The OversightML ModelRunner application outputs custom CloudWatch metrics using
the OSML/ModelRunner
Namespace.
The application outputs common metrics to capture the processing time, invocation counts, and errors.
Namespace | Metric | Notes |
---|---|---|
OSML/ModelRunner | Duration | End to end time for the overall operation to complete |
Invocations | Number of times the operation is executed | |
Errors | Number of times the operation failed | |
Throttles | Number of times the operation had to wait | |
Retries | Number of times the operation had to be retried |
These metrics are emitted for different portions of each image processing job and we expect those timelines to be heavily influenced by details of the imagery and computer vision models provided with each request. We are using CloudWatch Dimensions to provide more detailed context for each metric value.
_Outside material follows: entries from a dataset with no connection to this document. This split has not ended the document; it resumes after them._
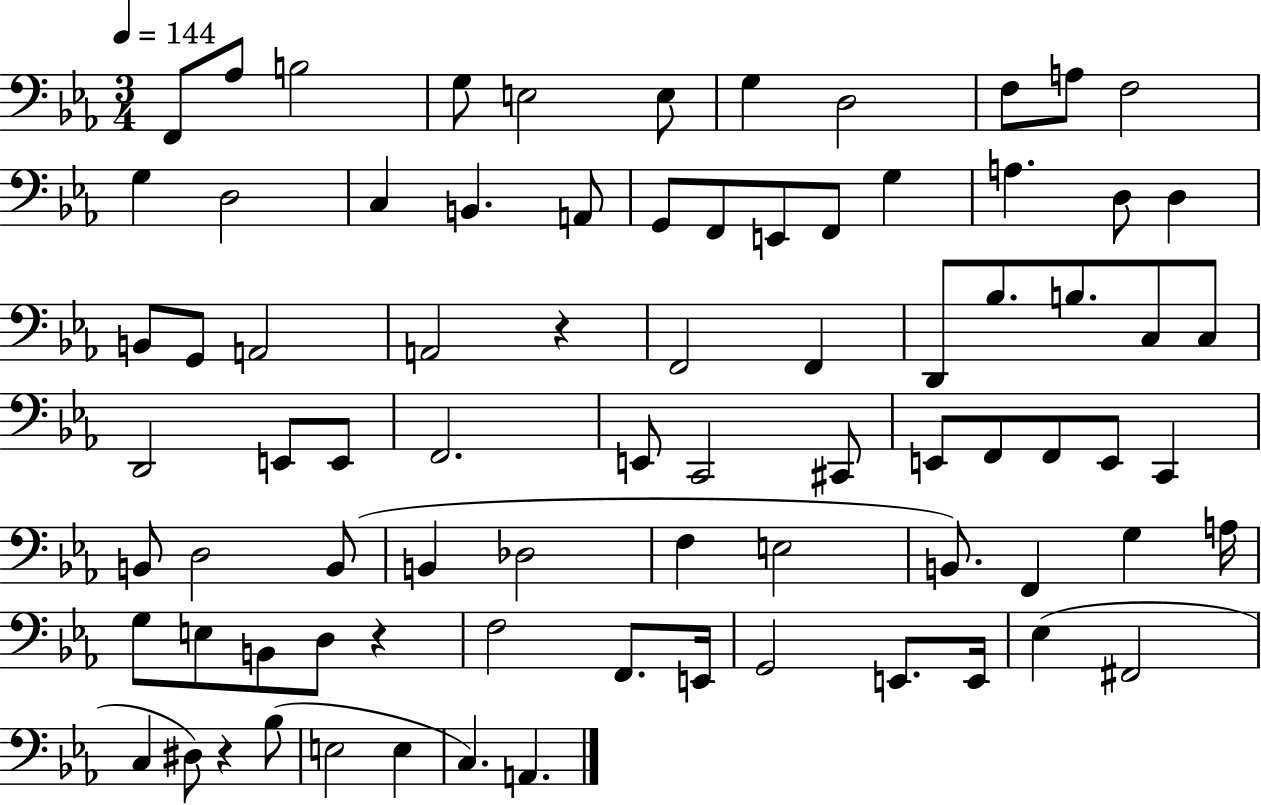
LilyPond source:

{
  \clef bass
  \numericTimeSignature
  \time 3/4
  \key ees \major
  \tempo 4 = 144
  f,8 aes8 b2 | g8 e2 e8 | g4 d2 | f8 a8 f2 | \break g4 d2 | c4 b,4. a,8 | g,8 f,8 e,8 f,8 g4 | a4. d8 d4 | \break b,8 g,8 a,2 | a,2 r4 | f,2 f,4 | d,8 bes8. b8. c8 c8 | \break d,2 e,8 e,8 | f,2. | e,8 c,2 cis,8 | e,8 f,8 f,8 e,8 c,4 | \break b,8 d2 b,8( | b,4 des2 | f4 e2 | b,8.) f,4 g4 a16 | \break g8 e8 b,8 d8 r4 | f2 f,8. e,16 | g,2 e,8. e,16 | ees4( fis,2 | \break c4 dis8) r4 bes8( | e2 e4 | c4.) a,4. | \bar "|."
}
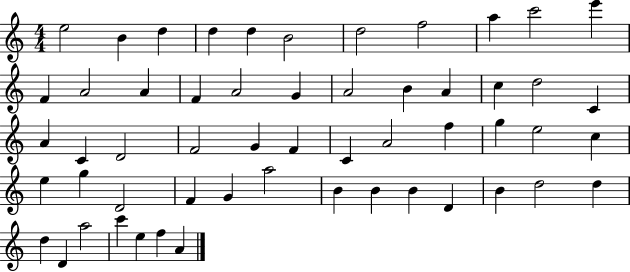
X:1
T:Untitled
M:4/4
L:1/4
K:C
e2 B d d d B2 d2 f2 a c'2 e' F A2 A F A2 G A2 B A c d2 C A C D2 F2 G F C A2 f g e2 c e g D2 F G a2 B B B D B d2 d d D a2 c' e f A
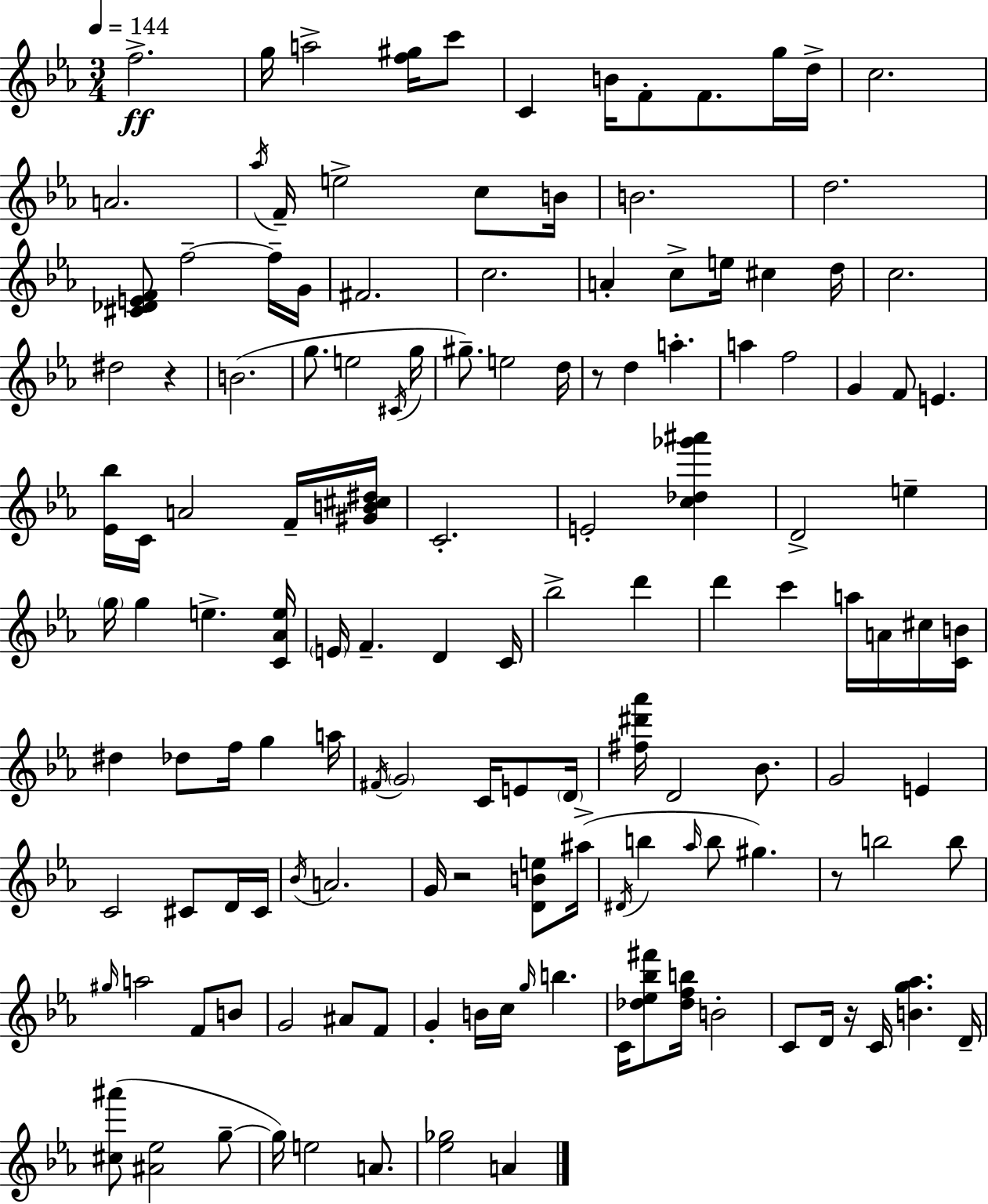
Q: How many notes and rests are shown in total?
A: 139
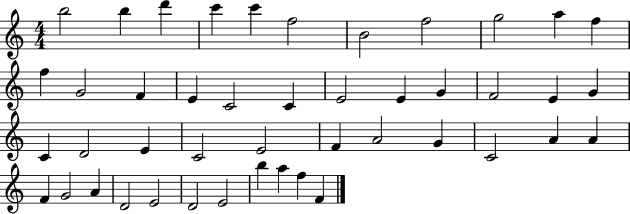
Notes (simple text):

B5/h B5/q D6/q C6/q C6/q F5/h B4/h F5/h G5/h A5/q F5/q F5/q G4/h F4/q E4/q C4/h C4/q E4/h E4/q G4/q F4/h E4/q G4/q C4/q D4/h E4/q C4/h E4/h F4/q A4/h G4/q C4/h A4/q A4/q F4/q G4/h A4/q D4/h E4/h D4/h E4/h B5/q A5/q F5/q F4/q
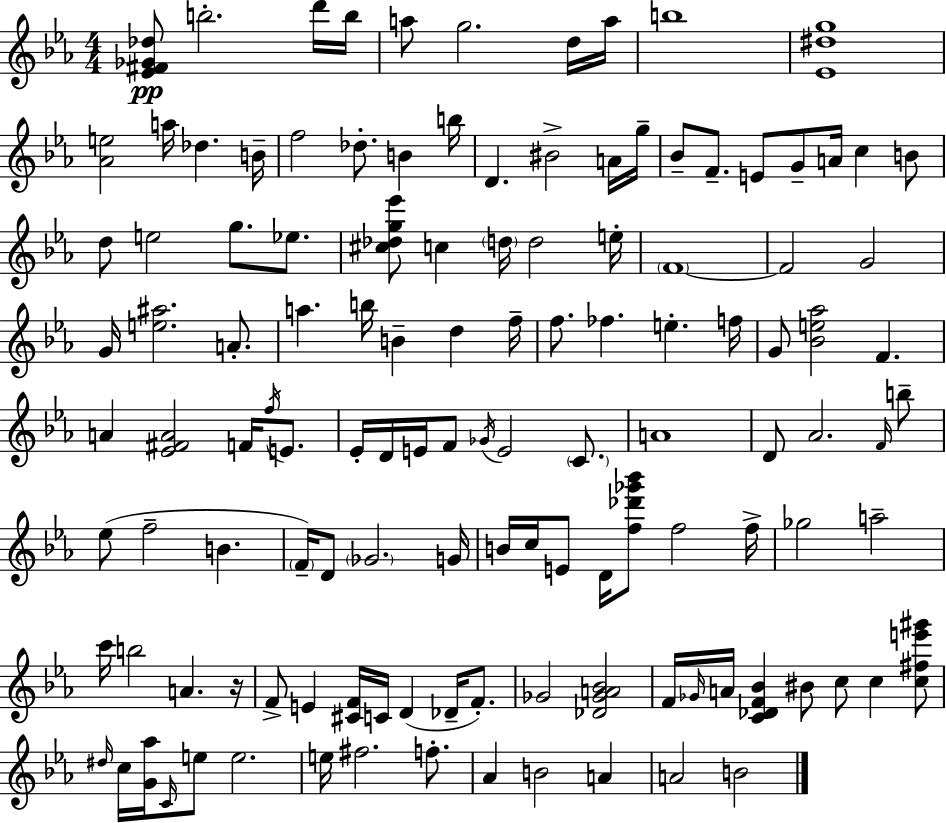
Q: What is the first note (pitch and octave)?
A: B5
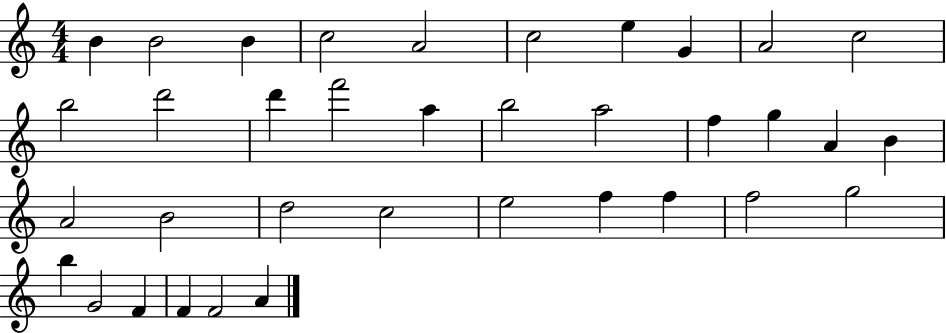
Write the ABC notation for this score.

X:1
T:Untitled
M:4/4
L:1/4
K:C
B B2 B c2 A2 c2 e G A2 c2 b2 d'2 d' f'2 a b2 a2 f g A B A2 B2 d2 c2 e2 f f f2 g2 b G2 F F F2 A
Dimension | Sample Values | Notes |
---|---|---|
Operation | ImageProcessing, RegionProcessing, TileGeneration, ... | This will let us track latency, errors, etc. for various subsections of the dataflow. For now this will primairly decompose to the image, region, and tile distributed computing but it can be expanded in the future as needed. |
ModelName | maritime-vessel-detector, urban-building-extractor, ... | The overall time to process an image is highly dependent on the model complexity and endpoint configuration. This dimension allows us to break out metrics on a per model basis. |
InputFormat | NITF, TIFF | The format of the input image is another factor that can greatly impact processing time since it drives our IO and tile cutting timelines. |
CloudWatch will treat each permutation of Namespace, Metric, and Dimensions as a unique identifier for a series of related data points. The Operation dimension is always present and it defines the portion of the image processing job described by the metric. The following diagram shows the relationship between the various metered ModelRunner Operations running on a distributed system.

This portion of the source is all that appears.